## Work task
Please repeat the data exactly. Any picture in it stays out.

## Given data
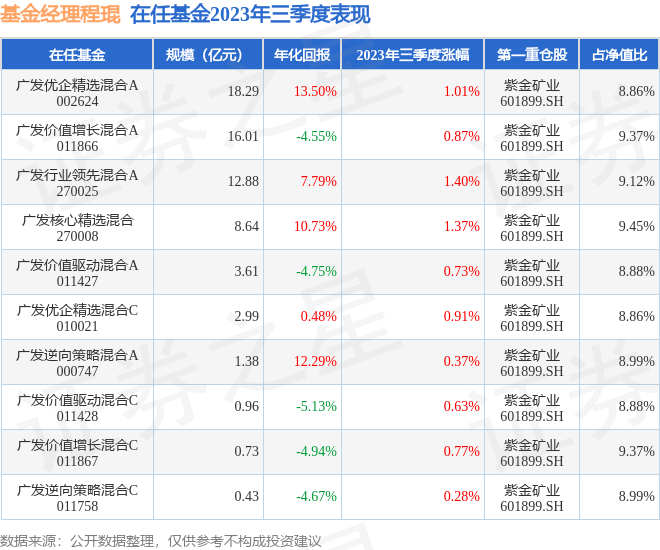 程琨2023年三季度表现,广发行业领先混合A基金季度涨幅1.4%_管理_收益率_数据
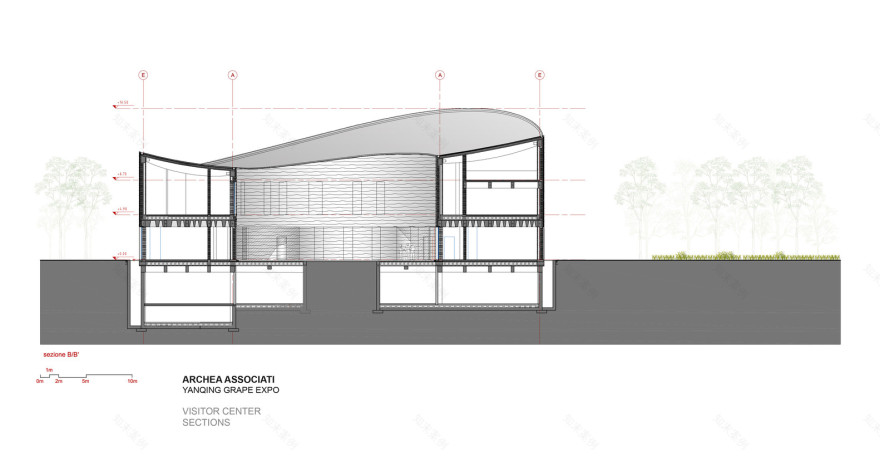 北京 Yanqing 国际葡萄博览园——意中文化交融的绿色盛宴-18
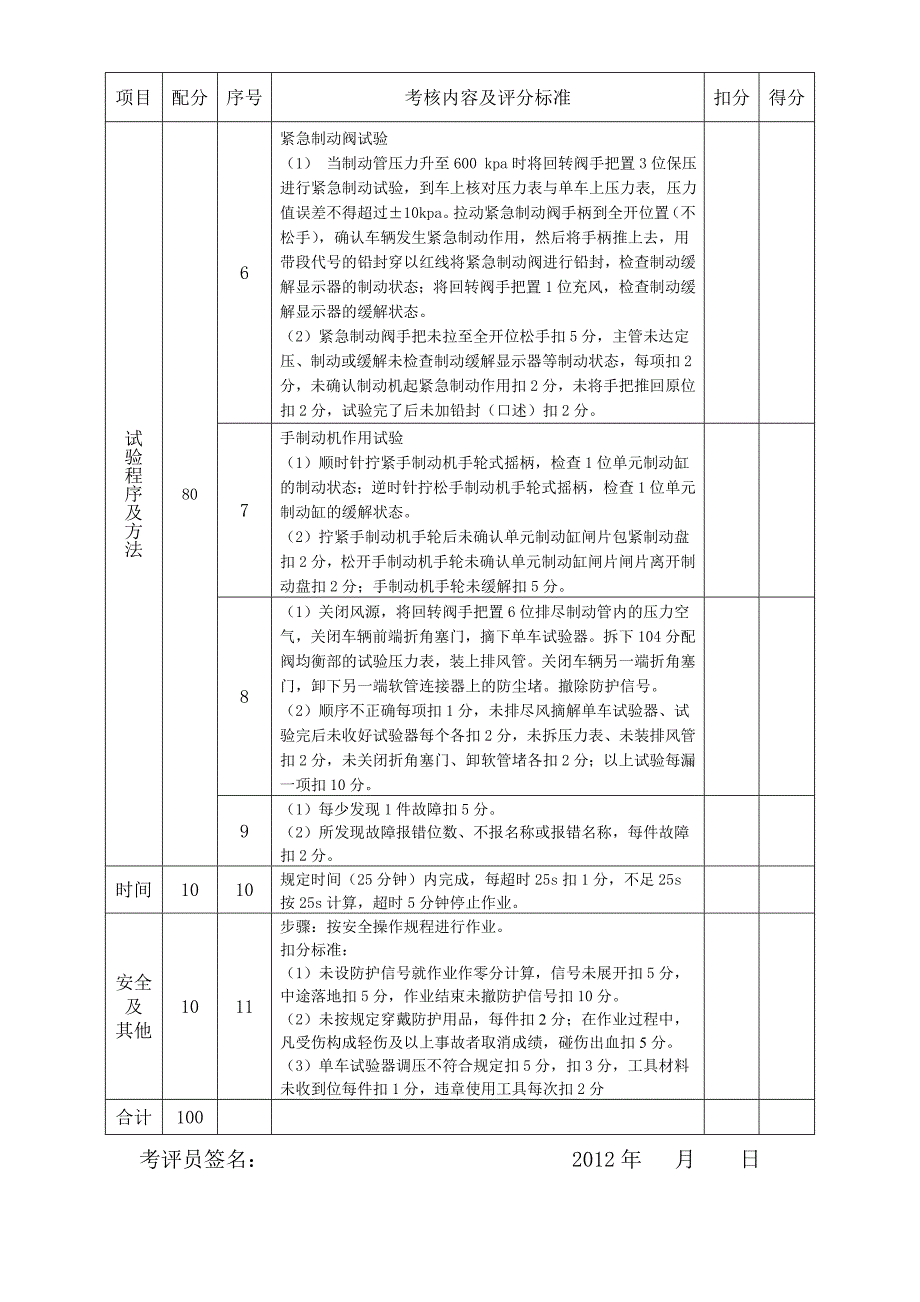 【车辆乘务员】客车(209P型)制动装置单车检查及试验考评表_第3页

## Task answer
 程琨2023年三季度表现,广发行业领先混合A基金季度涨幅1.4%_管理_收益率_数据
 北京 Yanqing 国际葡萄博览园——意中文化交融的绿色盛宴-18
 【车辆乘务员】客车(209P型)制动装置单车检查及试验考评表_第3页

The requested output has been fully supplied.